If you haven't done so already, sign up for Amazon Web Services (AWS) in order to generate your AWS Access Key and AWS Secret Key, which are your security credentials used to communicate with AWS. The next task is to get hold of an open soure Python AWS interface called Boto. Boto allows you to script communication with many aspects of AWS, including the Simple Queue Service (SQS), Simple Storage Service (S3) and the Elastic Compute Cloud (EC2) among other services. Note: Make sure to download the latest version of Boto and install via setuptools, as the binaries which ship with Ubuntu are out of date and do not possess certain methods utilised for EBS-booted instances.

Although Django enforces it, it is always good practice in any project (web or otherwise) to have a centralised settings.py file which stores all of your configuration options. In this file you will need to append your Amazon Web Services credentials as follows:

# settings.py
AWS_ACCESS_KEY_ID = '*************'
AWS_SECRET_ACCESS_KEY = '*************'

The next step is to use Boto to create a queue. We need to import the Boto library as well as the SQSConnection and Message objects. We also need to import our settings.py file, which should be in your project path.

A connection object is created by passing the two Amazon identity credentials as arguments to the SQSConnection constructor. The conn object can then be used to create a queue. The two parameters are the name of the queue (you can have multiple queues) and the message read-lock period (in seconds).
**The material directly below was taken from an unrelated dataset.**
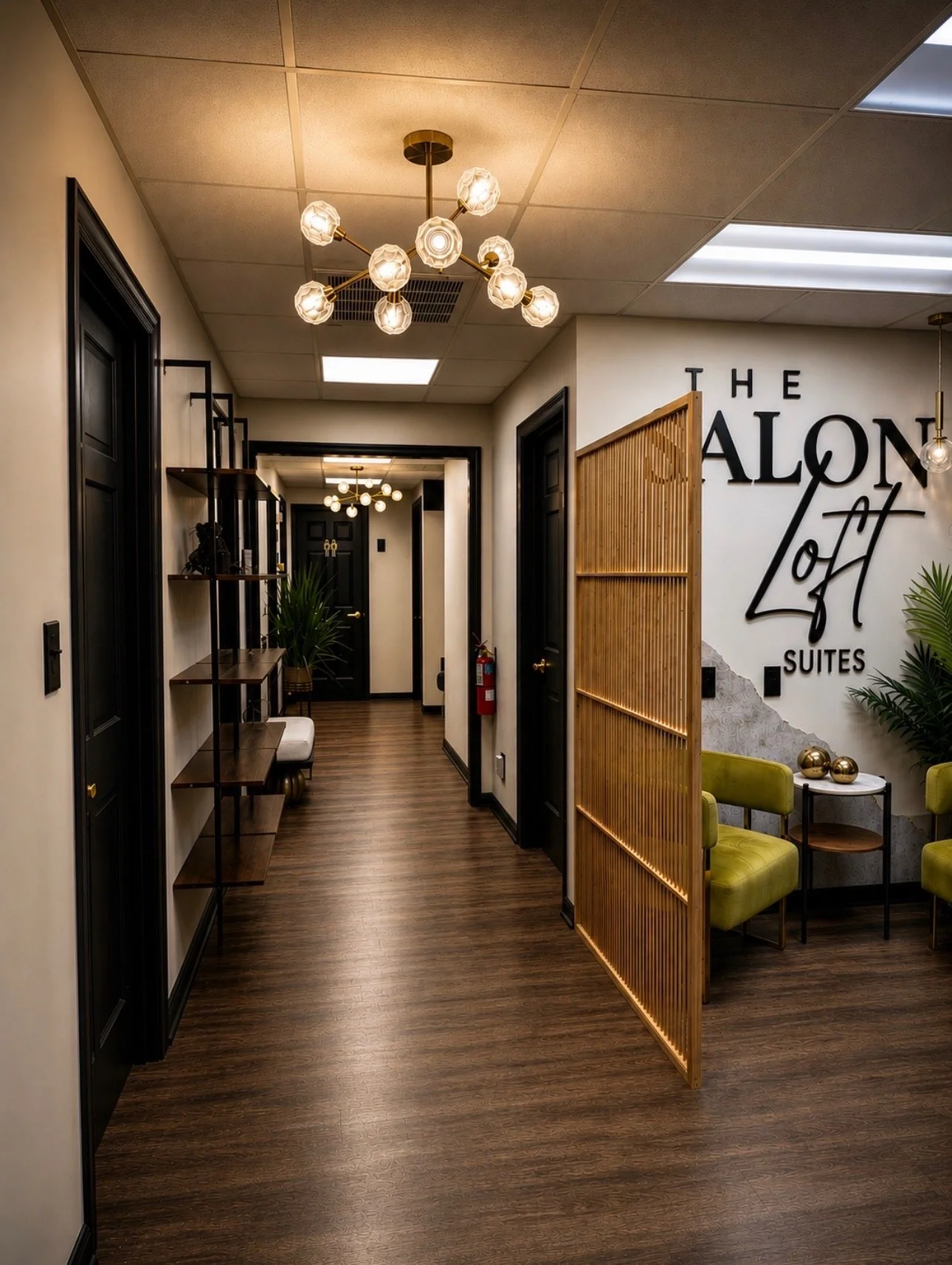Interior view of a modern, stylish office or lounge area with dark wood flooring, black doors, decorative shelves, green chairs, a small round table with gold decor, and a wall sign reading 'The Salon Loft Suites'. There are contemporary ceiling lights and potted plants.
The message read-lock period is the duration through which a message will be unavailable to be read by an additional reader before it is sent back to the queue. This might be the case if the message task has failed to be completed, allowing another worker unit to take over after the read-lock period. Finally, we create a message object and write some text to the message body.

# queue_write.py
import boto
 
from boto.sqs.connection import SQSConnection
from boto.sqs.message import Message
 
from myproject import settings
 
conn = SQSConnection(setings.AWS_ACCESS_KEY_ID,
                     settings.AWS_SECRET_ACCESS_KEY)
q = conn.create_queue('TestQueue', 120)
 
m = Message()
m.set_body('This is a test message')
q.write(m)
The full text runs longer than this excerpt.